**Task statement**
Starting with the line below that holds "Parking / Garage - 14 m²" and stopping after the line that holds "Three Bedroom Villa", transcribe the lines exactly, leaving out all pictures.

**Dataset content**

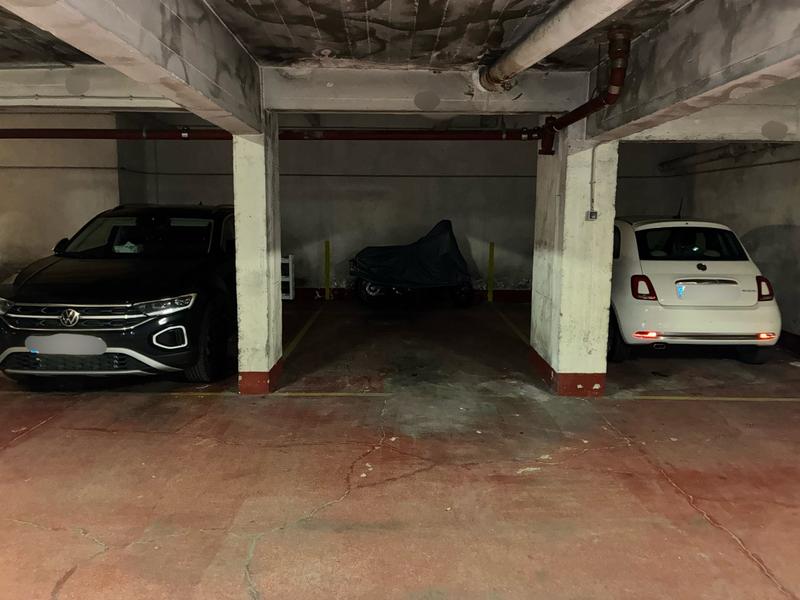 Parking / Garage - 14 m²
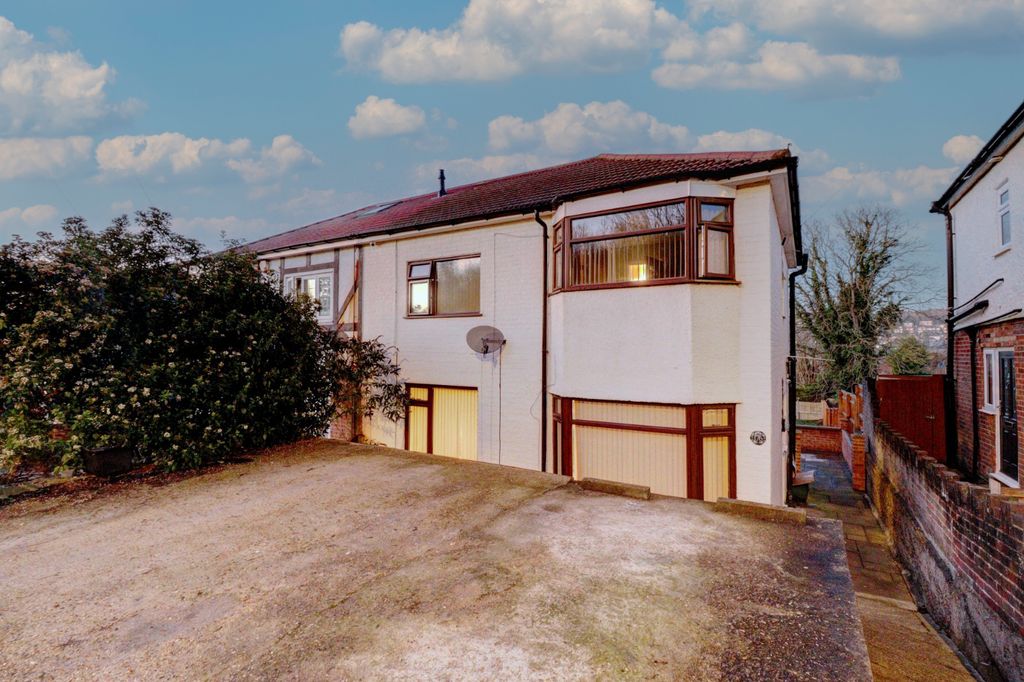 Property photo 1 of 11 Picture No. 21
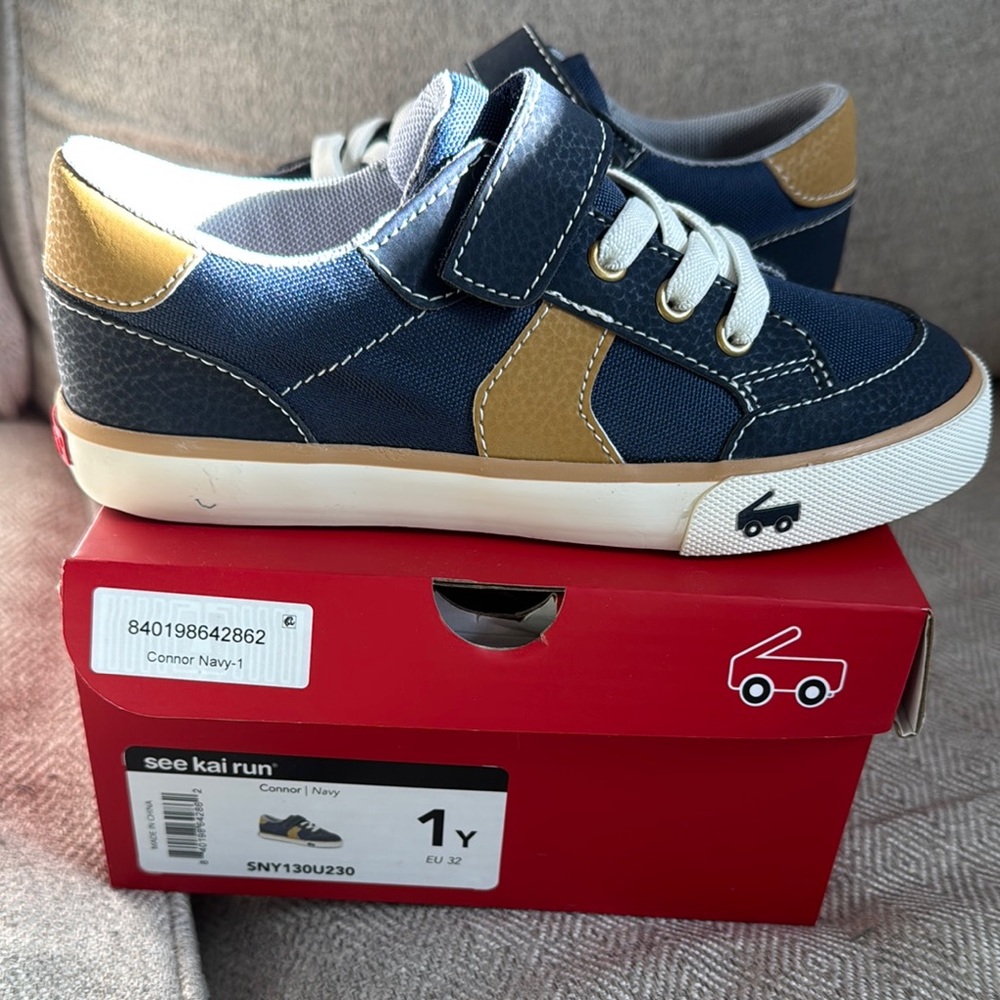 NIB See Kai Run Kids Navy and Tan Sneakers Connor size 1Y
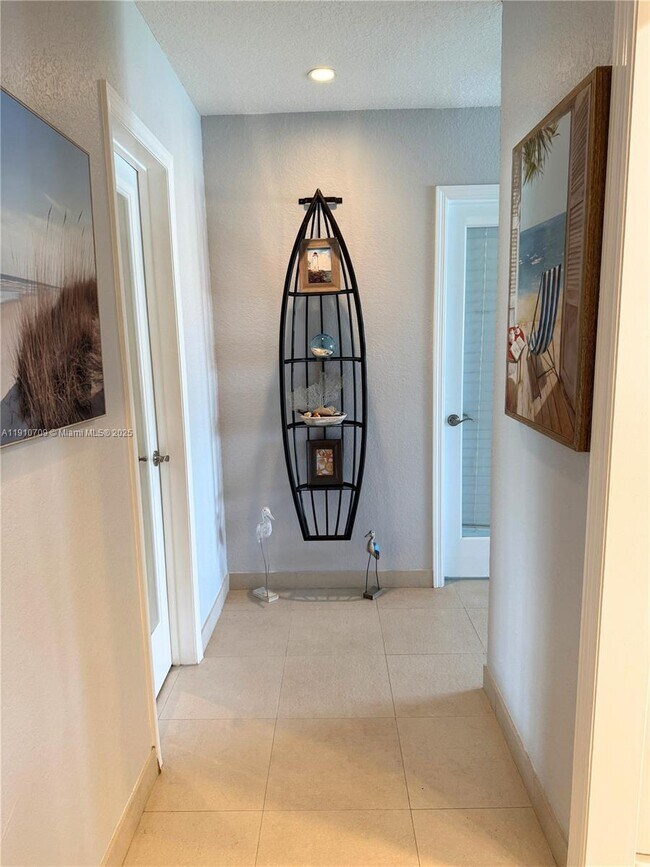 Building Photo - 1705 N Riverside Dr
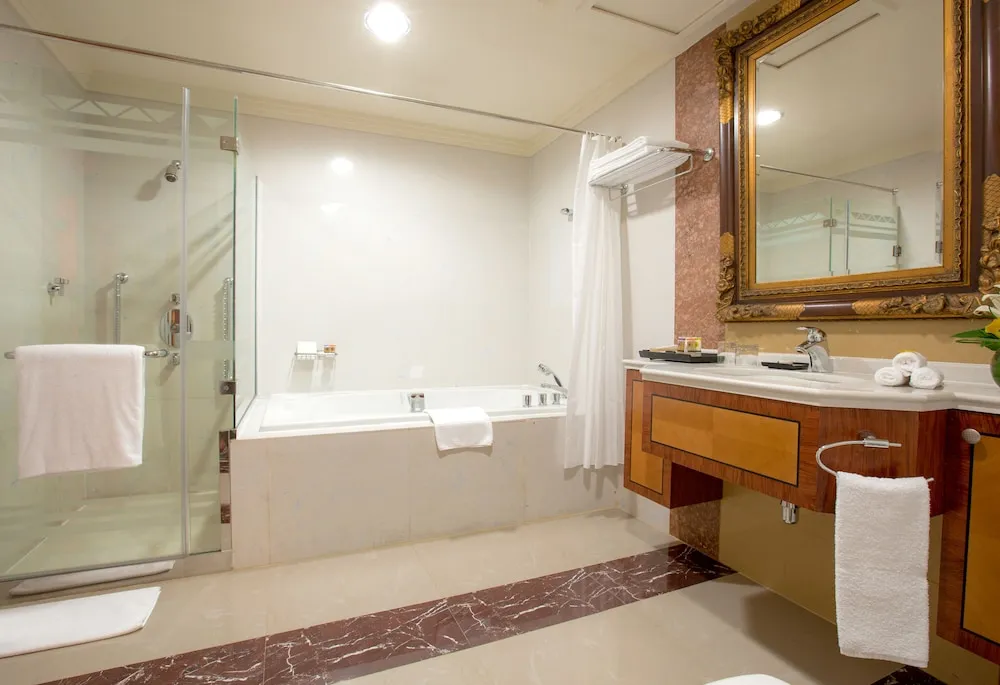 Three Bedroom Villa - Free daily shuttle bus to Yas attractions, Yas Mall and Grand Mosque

...

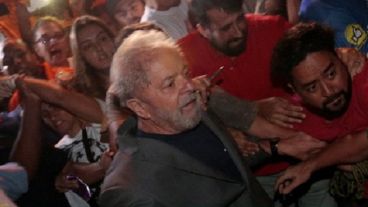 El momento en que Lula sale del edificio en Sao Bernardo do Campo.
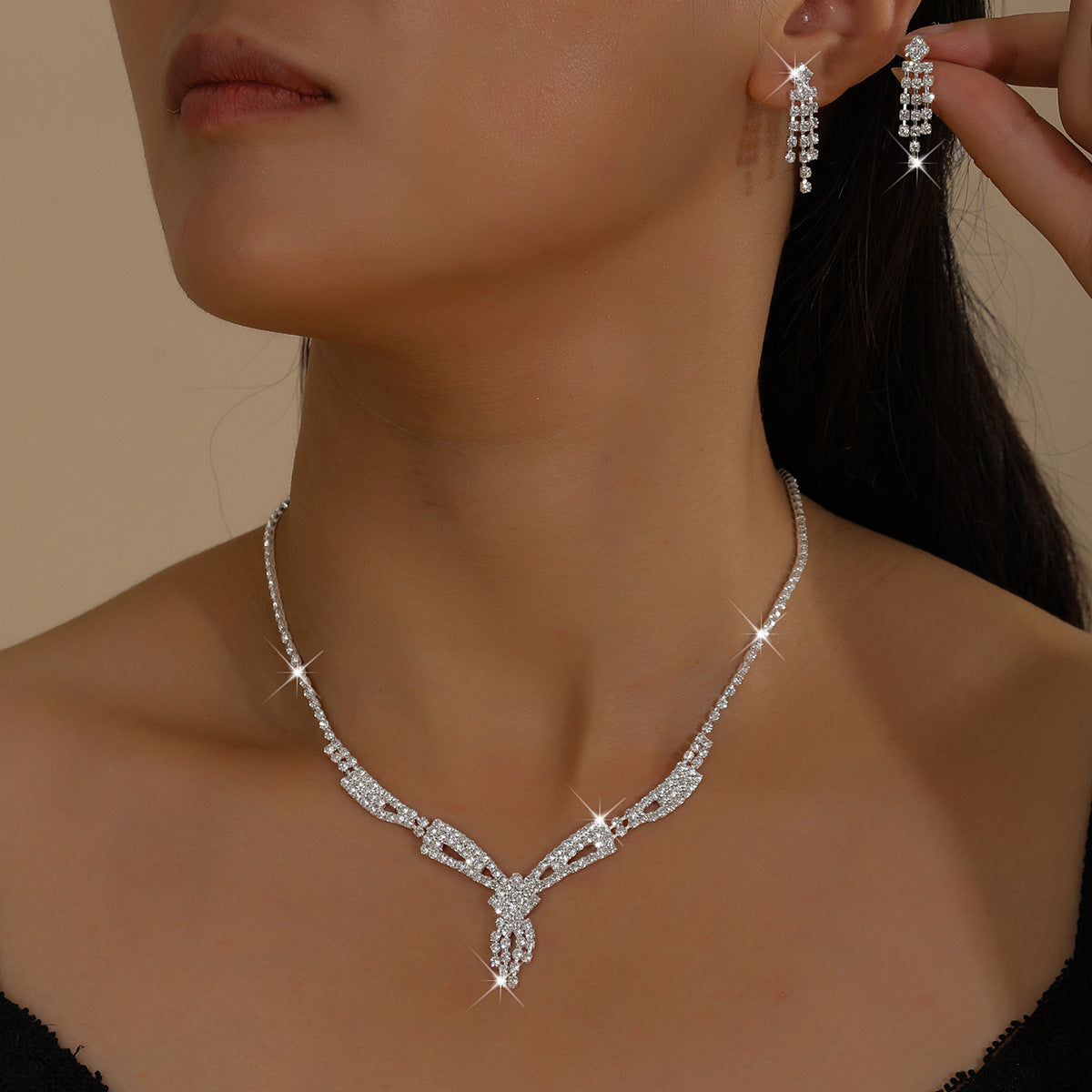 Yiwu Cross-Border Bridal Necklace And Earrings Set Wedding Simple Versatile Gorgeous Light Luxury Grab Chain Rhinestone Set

**Task response**
 Parking / Garage - 14 m²
 Property photo 1 of 11 Picture No. 21
 NIB See Kai Run Kids Navy and Tan Sneakers Connor size 1Y
 Building Photo - 1705 N Riverside Dr
 Three Bedroom Villa - Free daily shuttle bus to Yas attractions, Yas Mall and Grand Mosque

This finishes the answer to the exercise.